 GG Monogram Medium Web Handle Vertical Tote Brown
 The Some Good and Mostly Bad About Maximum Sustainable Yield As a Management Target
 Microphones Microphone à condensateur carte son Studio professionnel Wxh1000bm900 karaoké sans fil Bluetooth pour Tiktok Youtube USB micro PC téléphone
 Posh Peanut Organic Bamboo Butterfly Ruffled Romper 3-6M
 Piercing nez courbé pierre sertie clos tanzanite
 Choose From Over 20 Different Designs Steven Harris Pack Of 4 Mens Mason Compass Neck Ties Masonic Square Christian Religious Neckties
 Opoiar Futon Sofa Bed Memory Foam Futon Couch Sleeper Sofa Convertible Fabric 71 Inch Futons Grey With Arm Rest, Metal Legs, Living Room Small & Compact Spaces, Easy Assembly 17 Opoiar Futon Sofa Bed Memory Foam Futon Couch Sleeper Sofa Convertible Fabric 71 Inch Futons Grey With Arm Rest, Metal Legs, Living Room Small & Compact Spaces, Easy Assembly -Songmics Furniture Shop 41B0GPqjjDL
--
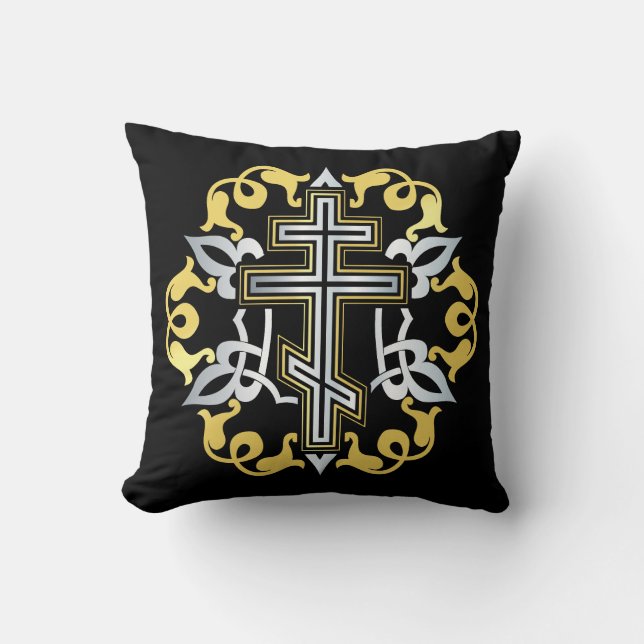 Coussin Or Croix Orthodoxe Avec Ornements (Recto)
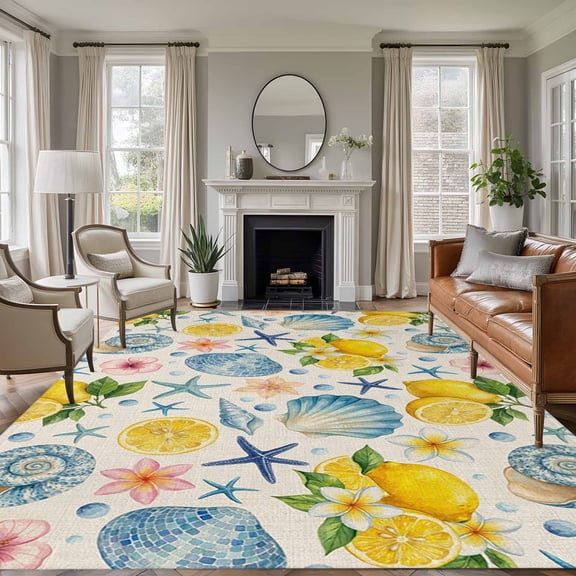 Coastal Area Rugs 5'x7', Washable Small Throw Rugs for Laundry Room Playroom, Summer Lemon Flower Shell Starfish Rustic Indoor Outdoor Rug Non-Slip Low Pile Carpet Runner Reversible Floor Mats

### Task objective:
For the data above, set down exactly the lines from the line with "Coussin Or Croix" to the line with "Coastal Area Rugs", both included, leaving pictures out.

### Response:
 Coussin Or Croix Orthodoxe Avec Ornements (Recto)
 Coastal Area Rugs 5'x7', Washable Small Throw Rugs for Laundry Room Playroom, Summer Lemon Flower Shell Starfish Rustic Indoor Outdoor Rug Non-Slip Low Pile Carpet Runner Reversible Floor Mats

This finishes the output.